Brasilianische Steuerbehörde verpflichtet zur Meldung aller Bitcoin-Transaktionen ab heute

Ab heute, dem 1. August, sind brasilianische Staatsbürger verpflichtet, über ihre Kryptogeschäfte mit der Steuerbehörde des Landes, dem Department of Federal Revenue (RFB), zu berichten.

Unternehmen in Brasilien müssen über alle Arten von Kryptotransaktionen berichten.
Wie Brasilien heute berichtet, müssen Transaktionen mit Kryptowährungen wie Bitcoin (BTC) nach den Regeln der im Mai 2019 eingeführten Normativen Anweisung 1.888 an die RFB gemeldet werden.

Wie die nationale Nachrichtenagentur Agência Brasil berichtet, gilt die neue Maßnahme für Einzelpersonen, Unternehmen und Makler die unter anderem Bitcoin Era nutzen. Außerdem umfasst alle Arten von kryptorelevanten Aktivitäten, einschließlich Kauf und Verkauf, sowie Spenden, Tauschgeschäfte, Einlagen, Auszahlungen und andere.

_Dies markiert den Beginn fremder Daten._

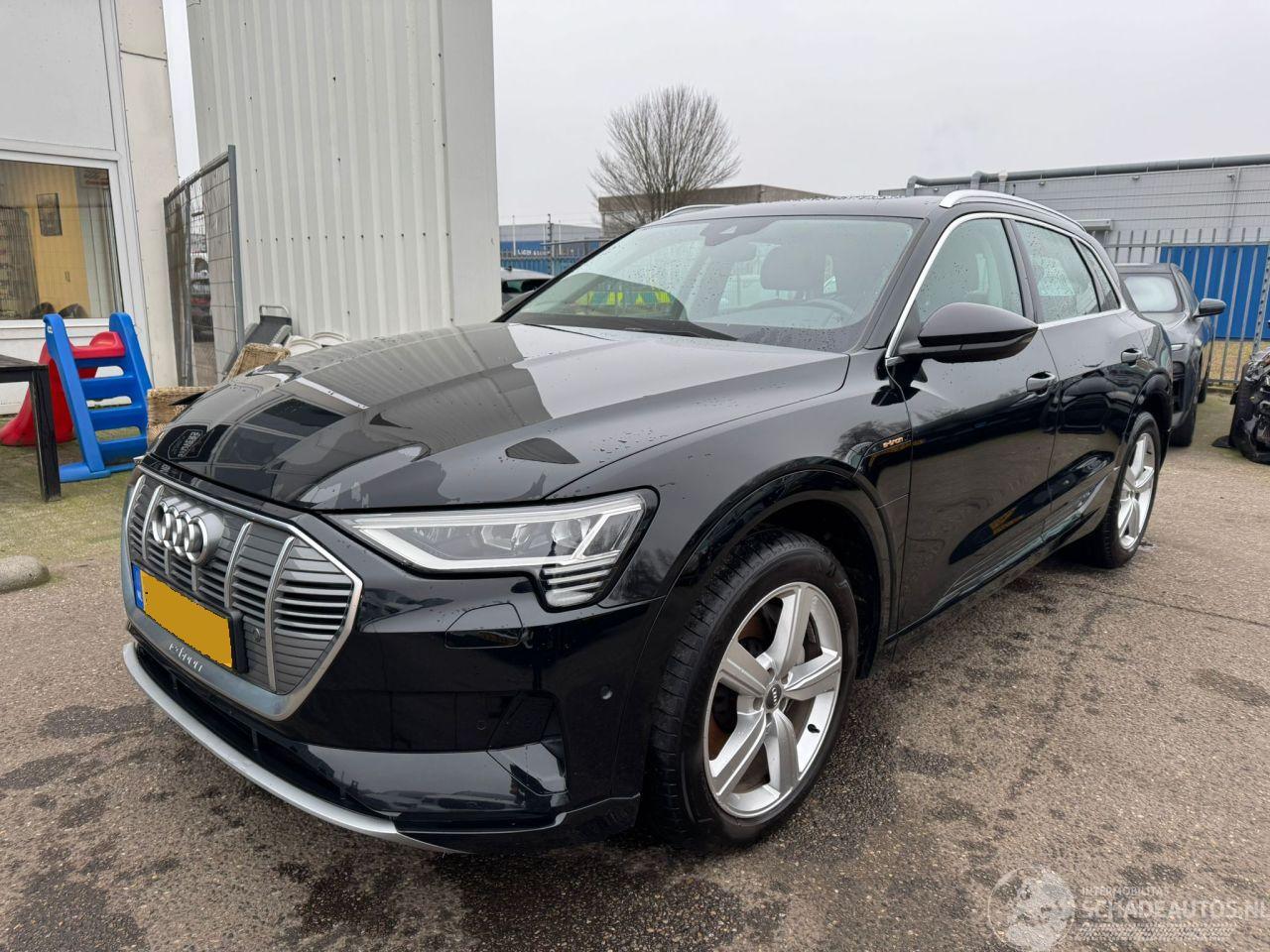 Audi E-tron e-tron 50 quattro Launch edition plus 71 kWh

Die Maßnahme verpflichtet die Unternehmen, bis zum Ende des Monats, der auf den Monat folgt, in dem kryptobezogene Transaktionen stattgefunden haben, monatliche Berichte vorzulegen, heißt es im Bericht. Daher sollten die Informationen für den Monat August bis zum letzten Werktag im September bereitgestellt werden.

Gemäß den Regeln müssen lokale Krypto-Börsen die RFB über alle Vorgänge unabhängig vom Wert informieren. Wer jedoch Devisen oder Brokerage nutzt oder Peer-to-Peer-Transaktionen in Krypto durchführt, muss über die Transaktionen berichten, wenn der monatliche Betrag 30.000 brasilianische Reais (7.800 $) überschreitet, berichtet Brasilien .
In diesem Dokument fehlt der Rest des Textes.